Mais que isso, Letterman conseguiu refletir, melhor que
muitos tratados amargos da
"avant-garde", as estranhas e
macabras armadilhas da opinião especializada, aquela que
mobiliza e desmobiliza empreitadas de enorme risco e
que pode pulverizar, da noite
para o dia, o sonho artístico de
inúmeros projetos.
Com a ironia que Deus lhe
deu, Letterman se provou um
pacifista num dilema que tem
durado uma eternidade.
Humor parecido tiveram alguns críticos da imprensa ao
atacarem a mais recentemente
anunciada "revolução", no
Metropolitan Opera House. Essa revolução entre aspas nada
mais é do que uma pobre, previsível e pouco criativa estratégia do "Met" de angariar platéias mais jovens, já que as estatísticas mostram que sua
abundante lista de assinaturas
é constituída de pessoas com
mais de 70 anos, prontas para
se aposentar do mundo do
show business.
Essa última "revolução"
trouxe à cidade a lindíssima
montagem que Bob Wilson já
havia apresentado em Zurique, há um ano e meio, o "Lohengrin", de Richard Wagner.
Como a maioria das 180 inovadoras montagens anuais de
óperas na Europa, essa encenação de Wilson exige que a
platéia assuma riscos e faça associações quase tão aventurosas quanto aquelas feitas pelo
próprio diretor.
"Mas não sabemos o suficiente sobre esses personagens", reclama o crítico da revista "The New Yorker". "Para
nós, o desempenho gráfico dos
cantores dessa montagem foi
tão interessante quanto observar um faxineiro no aeroporto,
quando o vôo está atrasado",
diz o crítico.
Para o crítico, os personagens não passavam de uma
"mulher que se movia vagarosamente" ou um "homem pintado de branco que parecia ter
alguma importância". O crítico americano traduzia sua
frustração perante uma ópera
monumental, cujo libreto não
faz e nunca fará parte do vernáculo dessa cultura.
Essa é justamente a premissa
em que Wilson, um americano
convicto, baseou sua interpretação. Na Europa, ela foi ovacionada. Em Nova York, ela
enfrentou uma vaia que entrou na história: 16 minutos
ininterruptos. Mas Wilson respondeu com humor: "a vaia estava fora do tom".

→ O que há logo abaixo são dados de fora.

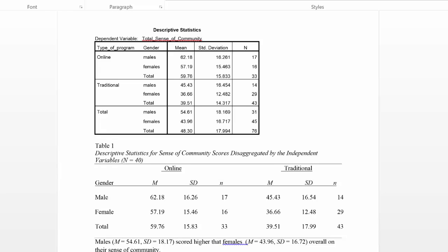I usually like to display descriptive information or at least most of the descriptive information in a table because I think it's easier for readers to digest. Here you can see that I took the data from the descriptive statistics output and created an APA formatted table. As I noted,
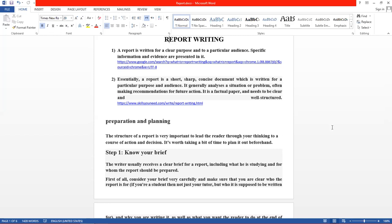Report ایک خاص audience کے لیے لکھا جاتا ہے۔ It generally analyzes a situation or problem — عام طور پر یہ کسی مسئلے سے متعلق ہوتی ہے — often making recommendations for future actions۔ یہ ایک factual paper ہے اور clear اور well-structured ہونا ضروری ہے۔ اس دوسری definition میں report writing کو define بھی کیا گیا ہے اور اس کی ہدایات بھی دی گئی ہیں۔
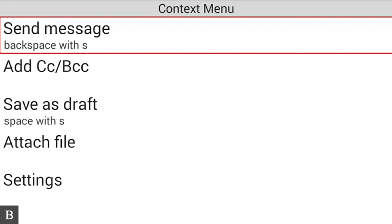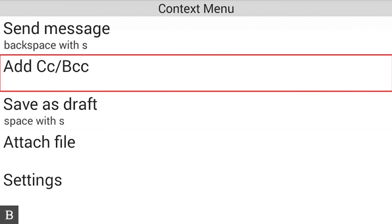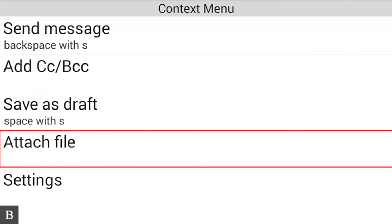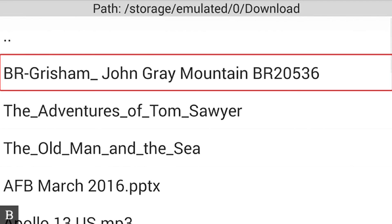What's nice about the context menu is it also shows the shortcut for each function. I can see Send Message (Backspace+S), Add CC/BCC, Save as Draft (Space+S), and Attach File. I'm going to navigate to Attach File — I could have pressed A to jump directly to it — and activate it with my cursor router key.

Tarantino não teve tanto humor ao ser demolido, de modo
unânime, pela imprensa nova-iorquina. "Volte a dirigir,
mas, por favor, nunca mais pise num palco", escrevia o crítico mais influente da cidade, o
do "New York Times". "Sem
querer, Tarantino conseguiu
fazer uma cagada maior do
que em seus filmes", berrava o
crítico do "New York Post".
Um outro crítico mais
bem-humorado se aventurou a
sugerir que Tarantino formasse uma dupla com Paul Simon
na próxima empreitada da
Broadway, para ver se "a soma
de duas nulidades resulta numa tentativa mais feliz de ambos". Apesar das barbaridades
e das ofensas inevitáveis, os
críticos não perderam o humor
a respeito da si mesmos.
Um inconformado Tarantino apareceu, na mesma noite
em que as críticas apareceram
no jornal, no programa de David Letterman. Ele esbravejou,
xingou e ofendeu pessoalmente
todos os críticos, até aqueles
poucos que haviam sido "a favor" da montagem. Parecendo
emprestar cumplicidade, David Letterman, o mágico absoluto da dissimulação, colocou
sua mão sobre o ombro de Tarantino e, num gesto de aparente consolo, falou: "Você sabe o que eu aprendi depois de
décadas, anos seguidos, meses,
dia após dia, de pessoas me dizendo que eu não era bom?".
O olhar inocente de Tarantino estacionou na xícara de café enquanto Letterman se preparava para dar seu desfecho
brutal: "Aprendi que realmente não sou tão bom assim".